Die einzelnen Elemente innerhalb des politischen Systems interagieren mit ihrer Umwelt. Laut Easton sind die Systeme „offen, adaptiv, zweckgerichtet, zielsuchend und von eigener Dynamik geprägt“. Für Easton ist das politische System ein besonders ausdifferenziertes Teilsystem der Gesellschaft. Innerhalb des politischen Systems agieren Medien

Vermittler bzw. Gatekeeper zwischen Politiker und Gesellschaftsinteressen. Das „Input-Output-Modell“ Eastons differenziert zwar zwischen Staat, Parteien und Öffentlichkeit, liefert jedoch noch keinen konkreten Ansatz zur Untersuchung der politischen Öffentlichkeit. Weitere Einblicke zu Prozessen, die zwischen den Systemen ablaufen, bietet die funktional- strukturelle Systemtheorie nach Niklas Luhmann. Sie ist der am weitesten herausgearbeitete Ansatz zur Untersuchung autonom agierender Systeme, die auf der gleichen Ebene stehen und die Kommunikation zwischen ihnen als bestimmendes, gesellschaftskonstituierendes Element ausmachen. In seiner Gesellschaftstheorie beschreibt Luhmann die verschiedenen Systeme wie etwa Politik, Massenmedien, Kultur, Religion oder Wirtschaft aufgrund ihrer jeweils spezifischen Funktionen für die Gesamtgesellschaft. Luhmann definiert die Massenmedien als eigenständiges Funktionssystem, das die Gesellschaft zum Teil widerspiegelt und ihre Themen gleichzeitig reduziert und vereinfacht. Durch seine soziologische Komplexitätsreduktion schafft Luhmann den Grundstein, das Mediensystem an das politische System und an die Gesellschaft anzuschließen.

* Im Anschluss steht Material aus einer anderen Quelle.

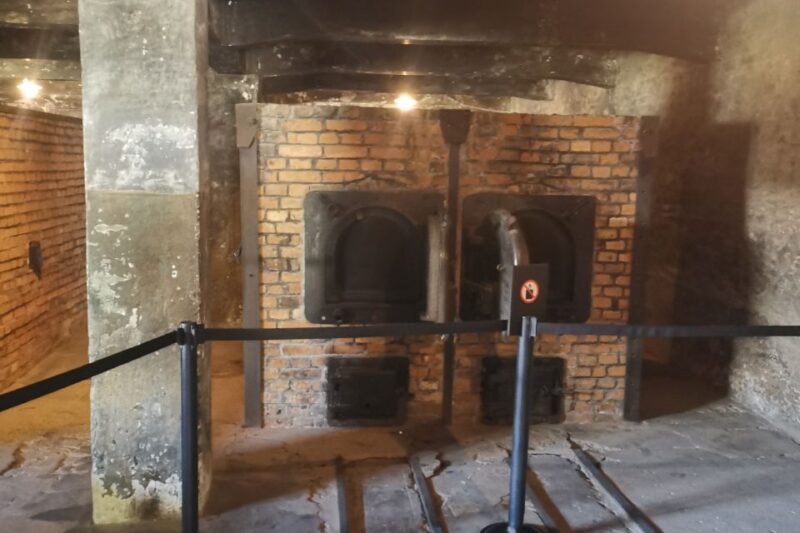 From Krakow: Auschwitz-Birkenau Camp Complex Guided Day Trip - What to Expect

Die für den Verlauf meiner Untersuchung wichtigsten Erkenntnisse aus dieser konstruktivistischen Systemtheorie sind, dass soziale Systeme aus Kommunikation bestehen und strukturell an ihre Umwelt gekoppelt sind.

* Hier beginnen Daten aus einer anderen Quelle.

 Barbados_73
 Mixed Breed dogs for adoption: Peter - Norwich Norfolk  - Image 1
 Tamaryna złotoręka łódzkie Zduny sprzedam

Auch wenn solche Modelle dazu dienen, allgemeine Aussagen auf der Makroebene zu treffen, ist die Existenz sozialer Systeme und möglicherweise vorherrschende Interdependenzen eine theoretische Abstraktion, die sich selbst nicht direkt empirisch überprüfen lässt. Trotzdem liefern sie einen wichtigen Ausgangspunkt und erste Einblicke für mein Forschungsprojekt. Sie dienen im folgenden Schritt meiner Arbeit nämlich dem wesentlichen Zweck, das Konzept von Öffentlichkeit und öffentlicher Meinung zu verstehen. Hannes Wimmer geht in seiner modifizierten Systemtheorie noch einen Schritt weiter. Er rechnet den Medien nämlich eine bedeutende Rolle bei der Erzeugung von Öffentlichkeit in Demokratien zu. So hat die Öffentlichkeit auch im systemtheoretischen Verständnis die Funktion der Vermittlung. Hannes Wimmer unterteilt das politische System in seinem Systemansatz in drei Subsysteme: Den Staat mit der Regierung und dem Parlament, die politische Öffentlichkeit mit den Medien sowie die Parteien und Verbände. Konkret bedeutet das, dass die politische Öffentlichkeit ein Subsystem des politischen Systems ist und die Medien als Teil der Sphäre der politischen Öffentlichkeit agieren.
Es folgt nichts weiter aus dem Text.